April 12th was the 100th anniversary of the sinking of the Titanic. It was a boat built by the world’s great shipbuilder, a spectacle of engineering, luxury, and technology. History has shown a spirit of cockiness around the ship’s “unsinkability.”
We all know its fateful story. (Or do we? See the comments below this post.) The great ship had a catastrophic meeting with a match between nature, egos, climate, geography, and logistical nightmares. But this ship was engineered to not go down. Anything it met, it was promised to counterbalance with greatness. Did it tempt fate? Did the captains and boat makers believe in their own greatness to transcend very natural occurrences that even the best of engineering and planning cannot comprehend or anticipate?
I don't want to be glib in the comparisons I see to behemoth Fortune 500 companies. The death toll on the Titanic was tremendous. But we have much to learn, almost purely on a logistical level, about what happened on the Titanic and what happens in corporate board meeting rooms every day. There are myriad companies with healthy balance sheets and cash balances and stock prices, yet they are navigating in uncharted waters. Are those icebergs? Mirages?
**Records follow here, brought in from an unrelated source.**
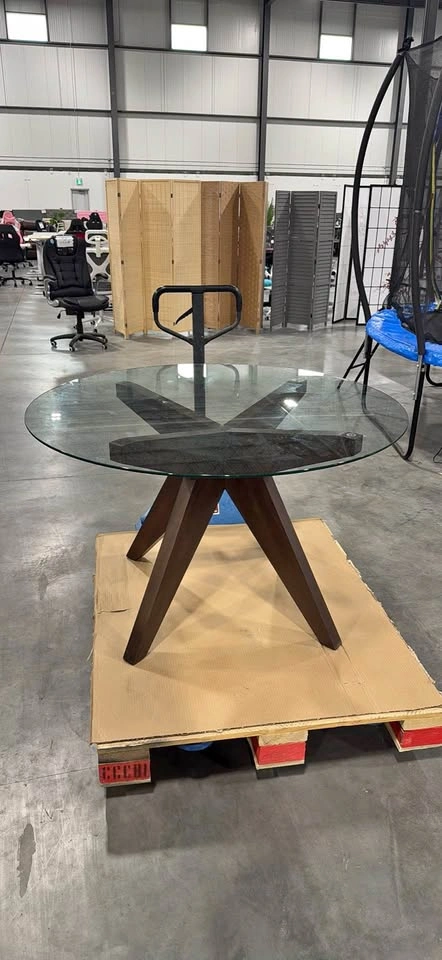 Modern Timeless Glass Dining / Kitchen Table with Wooden Legs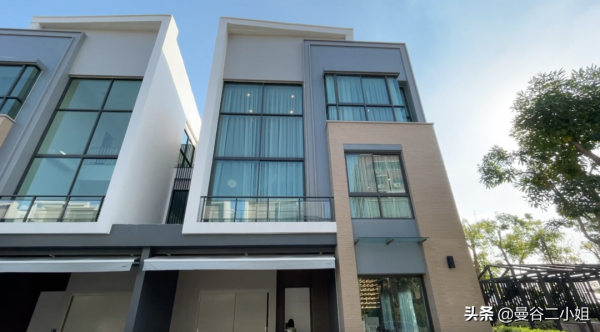 只要100多萬的泰國三層別墅，6米挑高玻璃窗，比千萬豪宅還大氣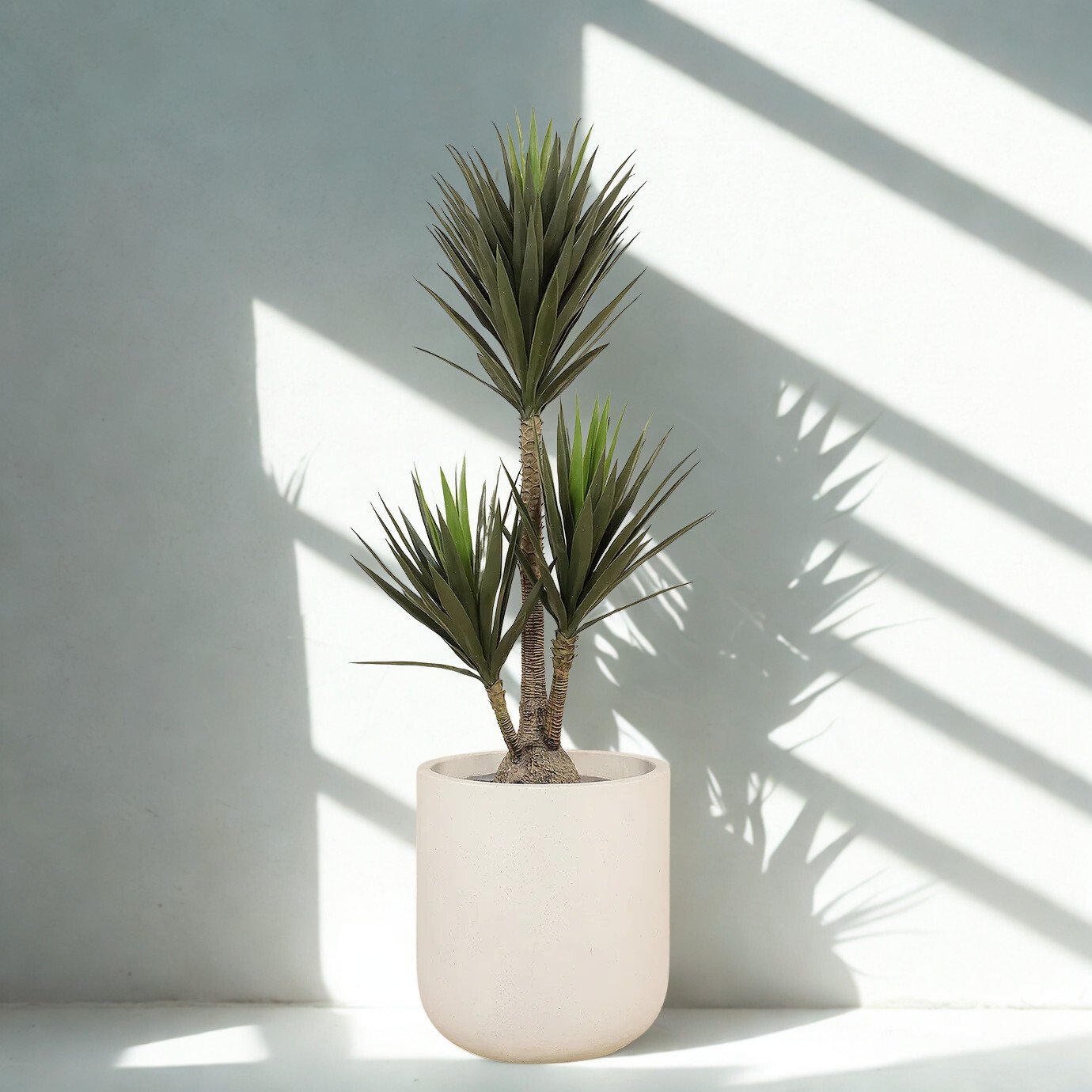 ARTIFICIAL YUCCA PLANT 165CM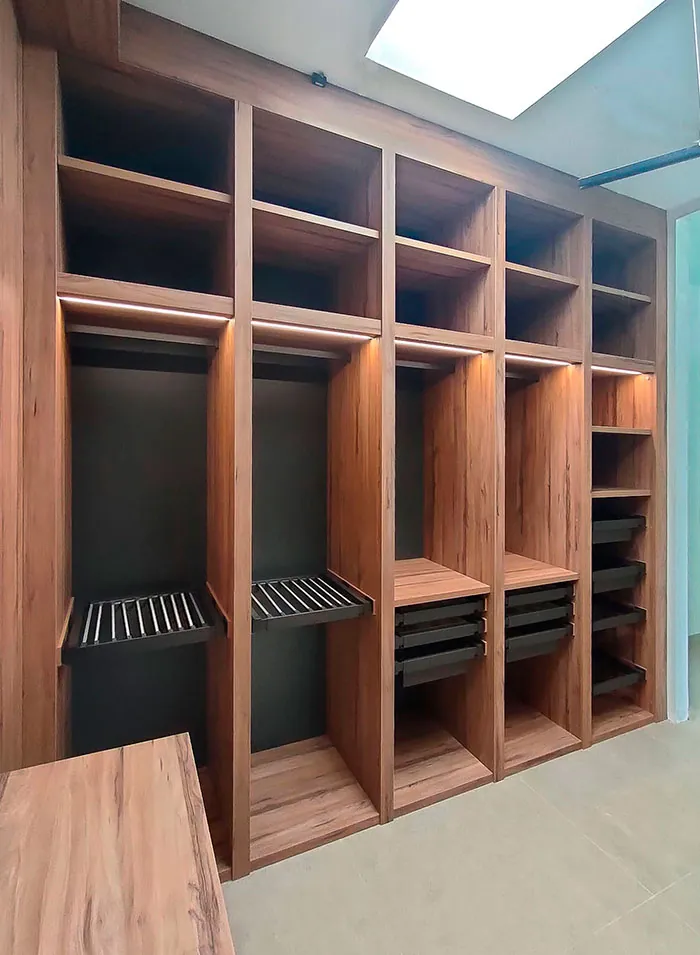 Vestidor con pared panelada y tocador volado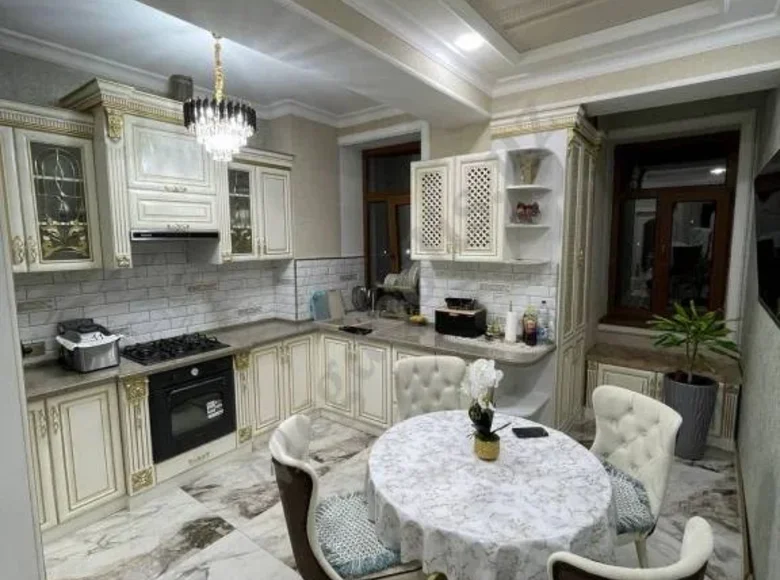 Квартира 3 комнаты 140 м² Ташкент, Узбекистан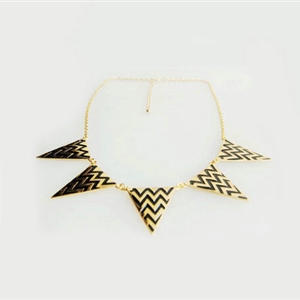 Europe Fashion Women Black Gold-plated Punk Big Triangle Metal Bib Necklace Clavicle Chain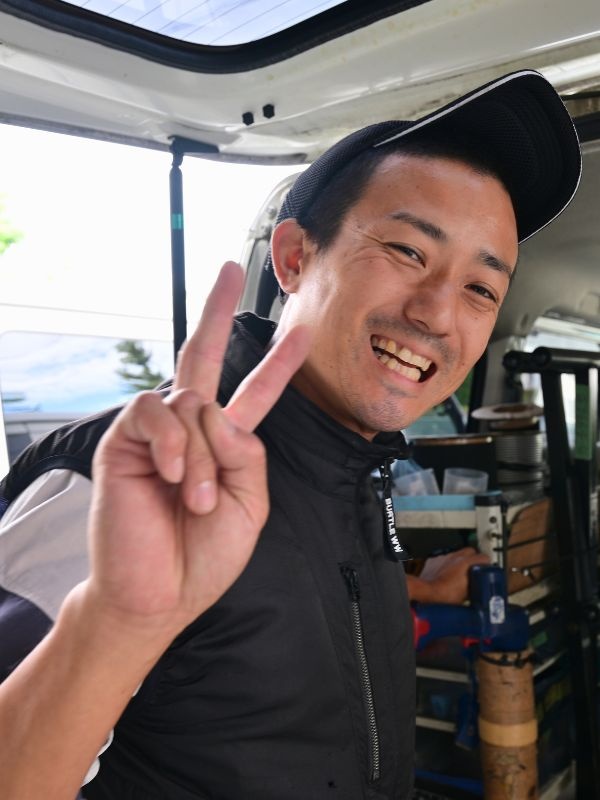 自動車ガラス交換スタッフ（未経験歓迎）◆学歴・転職回数不問／昇給賞与安定／年休117日／福利厚生充実イメージ1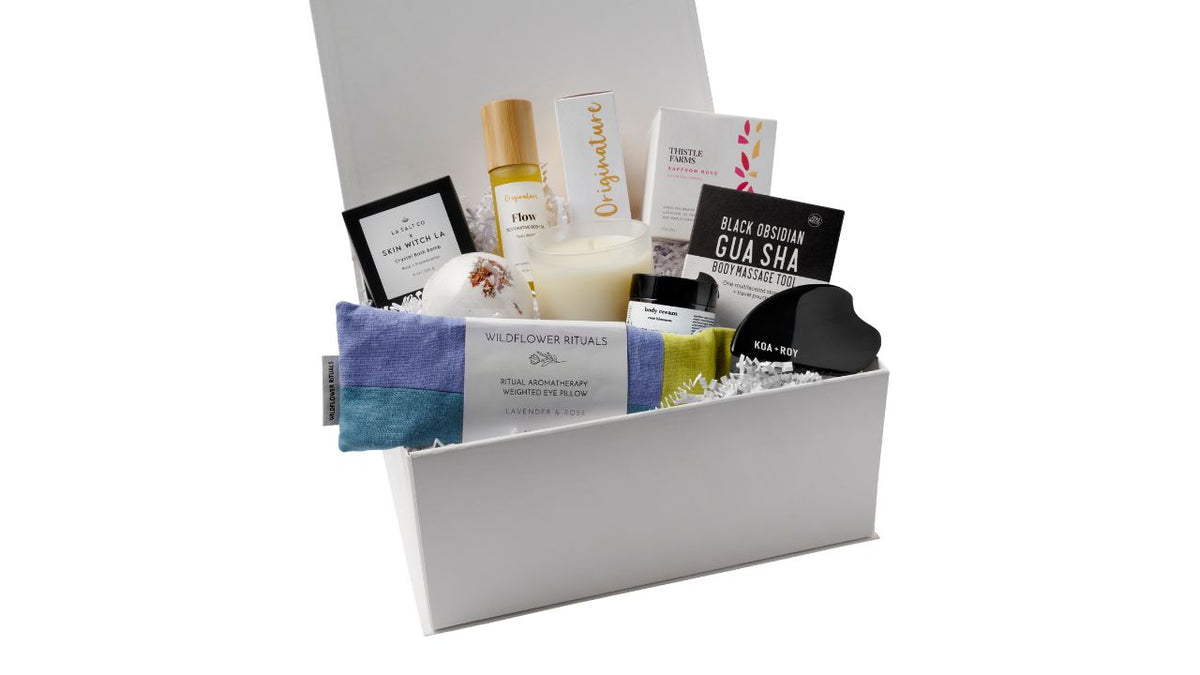Load video: Video of the unboxing of The Goddess At-Home Spa gift box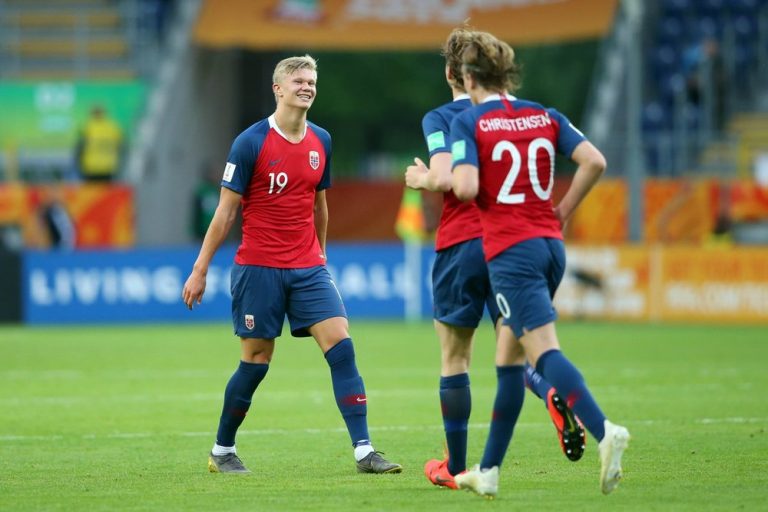 COPA DO MUNDO DE FUTEBOL SUB-20. PRIMEIRA FASE. TERCEIRA RODADA. GRUPO C. URUGUAI. PRIMEIRO COLOCADO. NOVA ZELÂNDIA. SEGUNDO COLOCADO. NORUEGA. TERCEIRO LUGAR. HONDURAS. QUARTO LUGAR.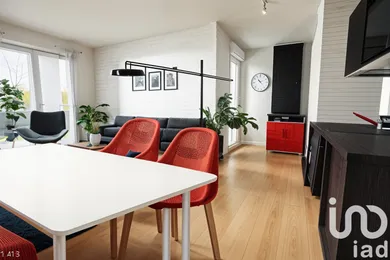 Apartment at Villenave-d'Ornon (33140)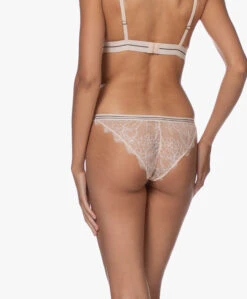 Love Stories Wild Rose Lace Slip - Sand -Mode Kleding 1f435feb 54e8 484a 9ba2 168328e59b57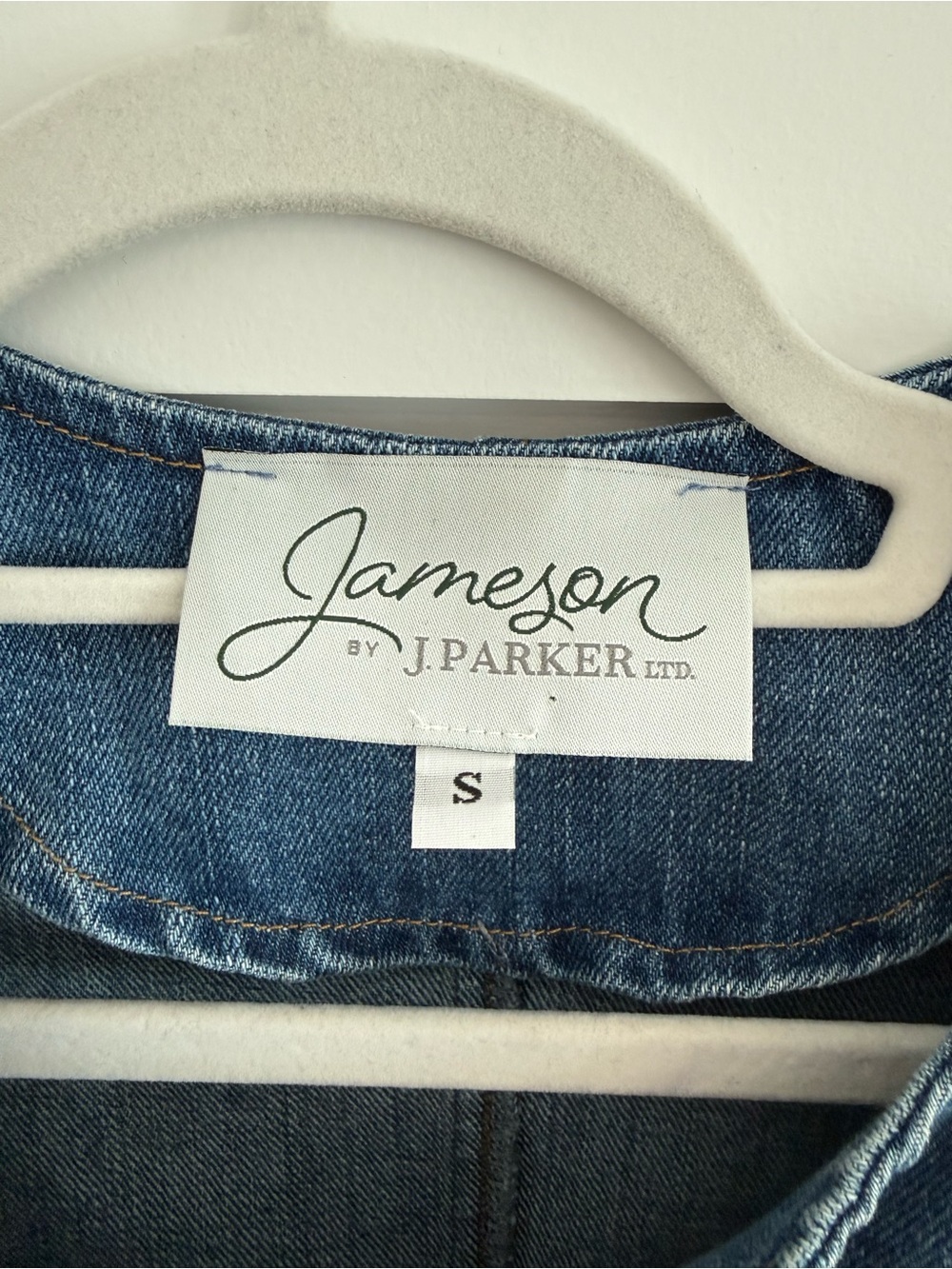 Cropped Denim Jacket.  Size Small. - Picture 7 of 12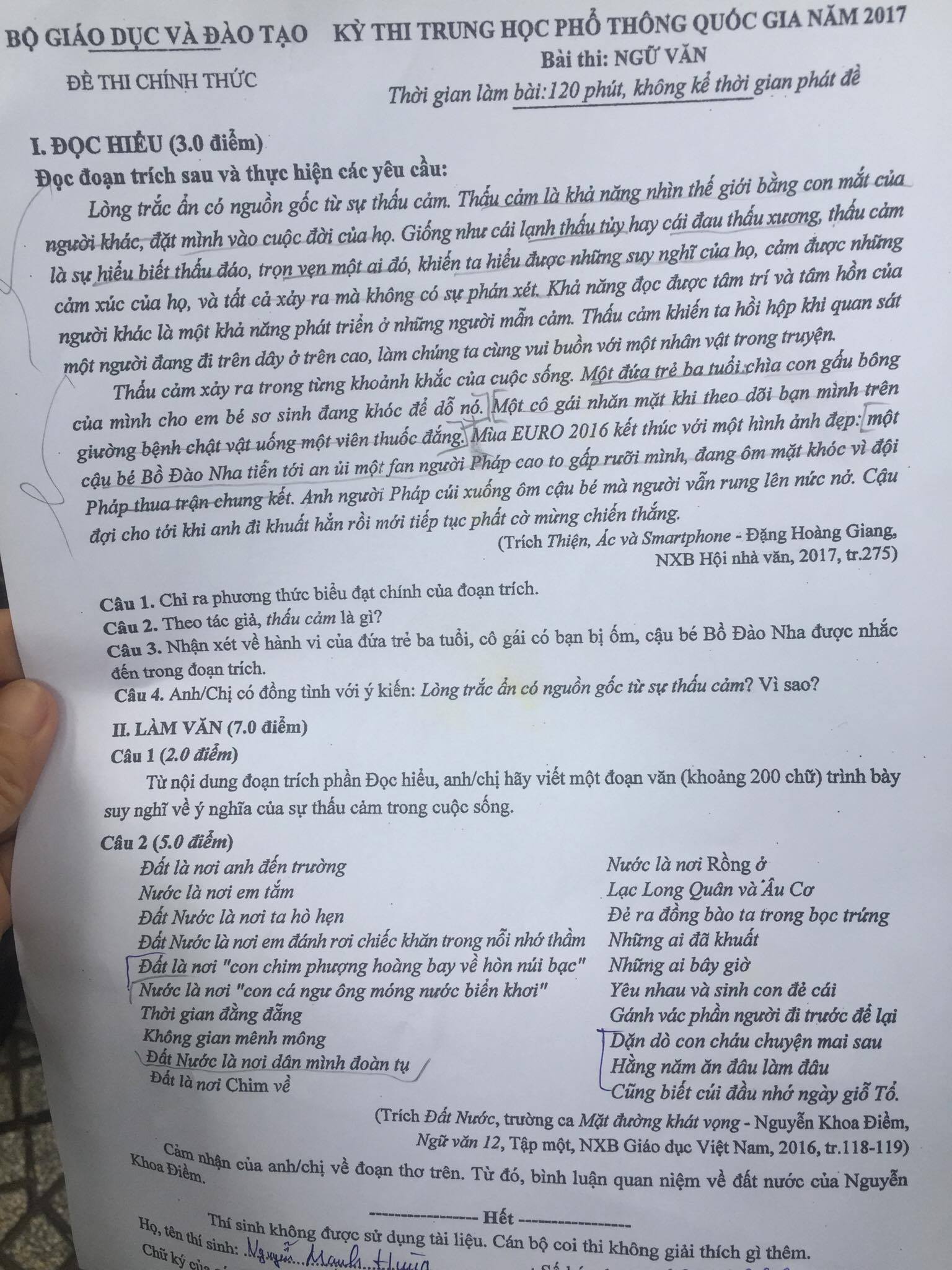 Đề ngữ văn có thực sự dễ? - Ảnh 1. Đề ngữ văn có thật sự dễ? - Ảnh 1.
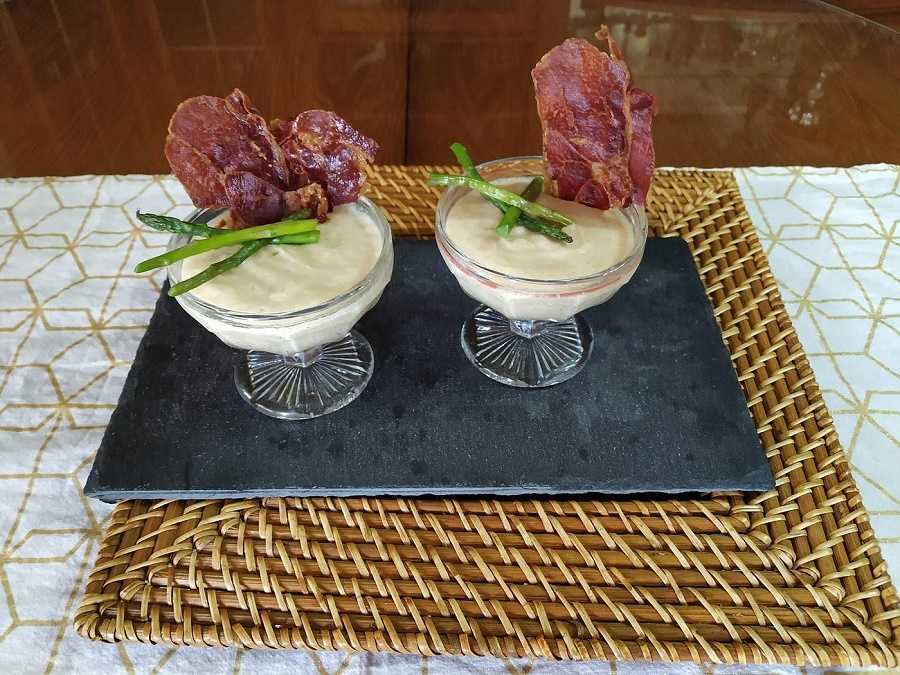 Mousse de espárragos con jamón serrano y parmesano: preparalo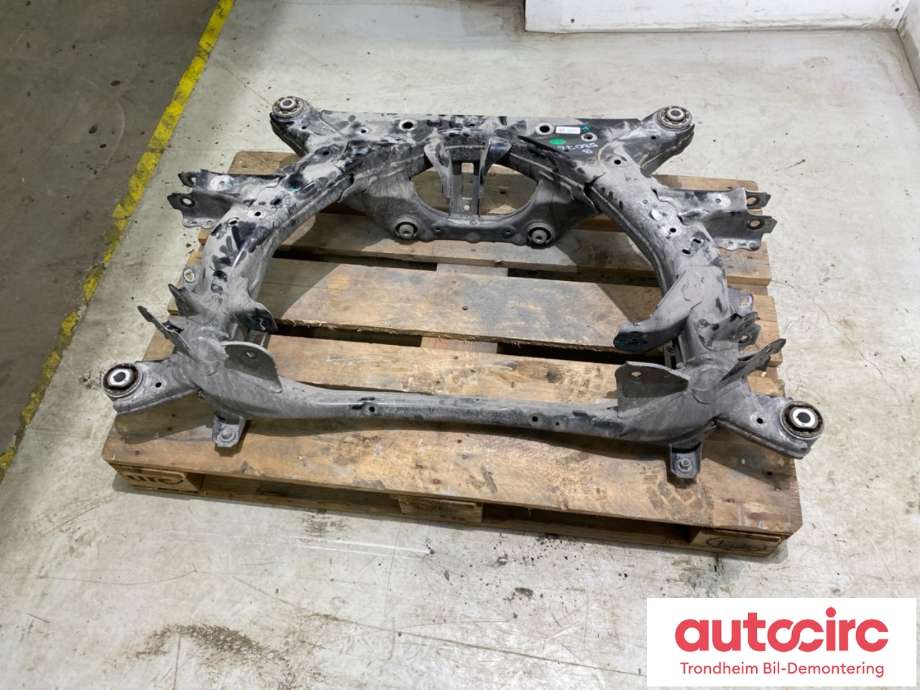 Travers bak til Tesla Model 3 2024-->> (Fase 2) (1344580-00-B|1344580-10-A|)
I was in a fascinating meeting today with a client who had the wherewithal to recognize that, at a moment when they have a tremendous amount of cash on hand, now would be a good time to disrupt the entire business. He knows they’re vulnerable to the iceberg called “changing consumer behaviors.” In his case, that shadowy figure not too far off in the distance is a customer who desires to do business completely different than the 100-year-old legacy of his firm. An egotistical leader would say, “Hell. I’ve seen this before. They’ll melt and go away.” But my client is a contrarian. He’s recognizing that, in his case, the digital marketplace is as important as the efficiencies of industrial manufacturing or telecommunications a century ago.
The sea of the New Consumer—the empowered, connected, always-on, real-time one—is becoming littered with the wreckages of brands that thought they were invincible. Blockbuster. Encyclopedia Britannica. Any bricks-and-mortar that competes with Amazon—Best Buy? Perhaps even Yahoo. These are firms for whom the tips of the icebergs are those consumers who give early warning that a new business model is at hand and on the horizon. To lengthen the metaphor, like icebergs, those visible consumers are most likely just a small vocal representation of a much larger trend and constituency lurking catastrophically under the surface of the water. You can’t see them. Why? Because your analytics may be in such shambles you can’t even see them.
Use this 100th anniversary of the Titanic as a moment of reflection. At the end of the day, you too have thousands of lives at stake, those of your employees and shareholders who expect you to navigate these rough waters, not with arrogance, but with laser-focused attention to what’s ahead with a healthy dose of skepticism to your own operations, technology, and engineering. Doing otherwise assumes a lethal level of clairvoyance and omniscience that is unreal and unsustainable in our fast-paced world.